哈希和unordered系列封装（C++）

最新推荐文章于 2024-11-05 17:16:24 发布

kpl_20

最新推荐文章于 2024-11-05 17:16:24 发布

阅读量1k

点赞数 17

分类专栏： C++ 文章标签： c++ 哈希表 unordered系列

本文链接：https://blog.csdn.net/kpl_20/article/details/134607028

版权

C++ 专栏收录该内容

22 篇文章 0 订阅

订阅专栏

一、哈希

1. 概念

通过某种函数使用元素的存储位置与其关键码之间建立映射关系。

插入元素时，通过该函数求得的值，就是该元素的存储位置。
搜索元素时，通过该函数求得的值进行比对，如果关键码相等则搜索成功。

该方法称为哈希（散列）方法，而其中的某中函数被称为哈希（散列）函数，构造出来的结构成为哈希表（散列表）。

2. 哈希函数，哈希碰撞

哈希函数（常用的两个）

直接定址法

函数
取关键字的某个线性函数得出散列地址：Hash(Key) = A * Key + B
优缺
优点：简单均匀
缺点：关键码的分布范围需要集中
场景
统计字符串中字符出现的个数，其中字符是集中的。

除留余数法

函数
Hash(Key) = Key % m（m是小于等于表中可取地址数即可（建议：质数））
场景
适用于值的方位分散

eg:
除留余数法

注意：

使用除留余数法，所以就要求被%的key必须是整型。如果key为字符串如何转成整型呢？
答：字符串哈希函数。

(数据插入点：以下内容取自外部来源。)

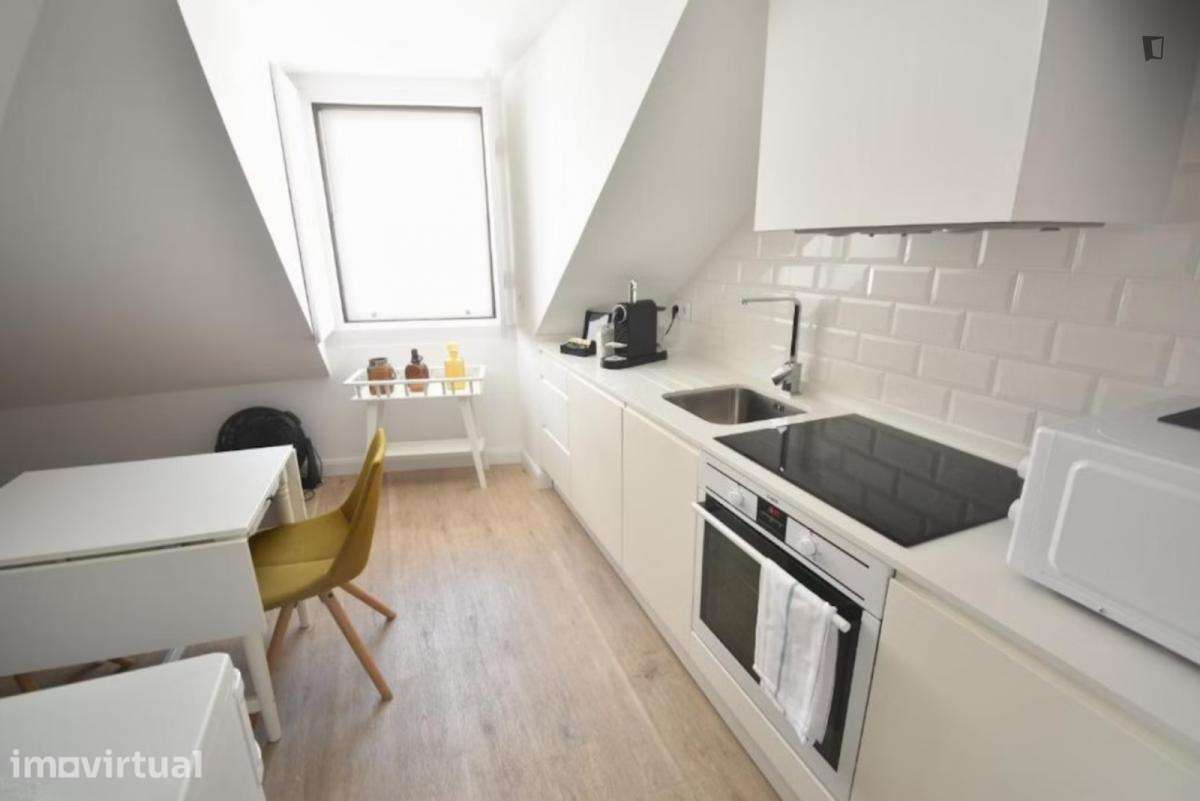 Apartamento com 1 quartos - localizado em Coimbra - Grande imagem: 5/11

评价hash函数性能的一个重要指标就是冲突，在相关资源允许的条件下冲突越少hash函数的性能越好。
常见的字符串哈希算法BKDRHash，APHash，DJBHash…

eg:

 // BKDR Hash Function
unsigned int BKDRHash(char *str)
{
    unsigned int seed = 131; // 31 131 1313 13131 131313 etc..
    unsigned int hash = 0;
 
    while (*str)
    {
        hash = hash * seed + (*str++);
    }
 
    return (hash & 0x7FFFFFFF);
}

使用除留余数法，最好模一个素数，如何快速模一个类似两倍关系的素数？
答：使用了一个默认的素数集合，这个集合中包含了一系列素数。在不同的STL实现中，这个素数集合可能会有所不同。一般来说，这个集合中的素数经过仔细选择，以确保哈希表的负载因子（即平均哈希桶中元素的数量）保持在一个较小的范围内，从而提供更好的性能。

//素数集合
size_t GetNextPrime(size_t prime)
{
	const int PRIMECOUNT = 28;
	static const size_t primeList[PRIMECOUNT] =
	{
		53ul, 97ul, 193ul, 389ul, 769ul,
		1543ul, 3079ul, 6151ul, 12289ul, 24593ul,
		49157ul, 98317ul, 196613ul, 393241ul, 786433ul,
		1572869ul, 3145739ul, 6291469ul, 12582917ul,
		25165843ul,
		50331653ul, 100663319ul, 201326611ul, 402653189ul,
		805306457ul,
		1610612741ul, 3221225473ul, 4294967291ul
	};
	size_t i = 0;
	for (; i < PRIMECOUNT; ++i)
	{
		if (primeList[i] > prime)
			return primeList[i];
	}
	return primeList[i];
}

哈希冲突（碰撞）

根据上面的例子，如果在数据集合中添加一个数据25，那么会发现通过哈希函数求的地址已经被别的关键码占据。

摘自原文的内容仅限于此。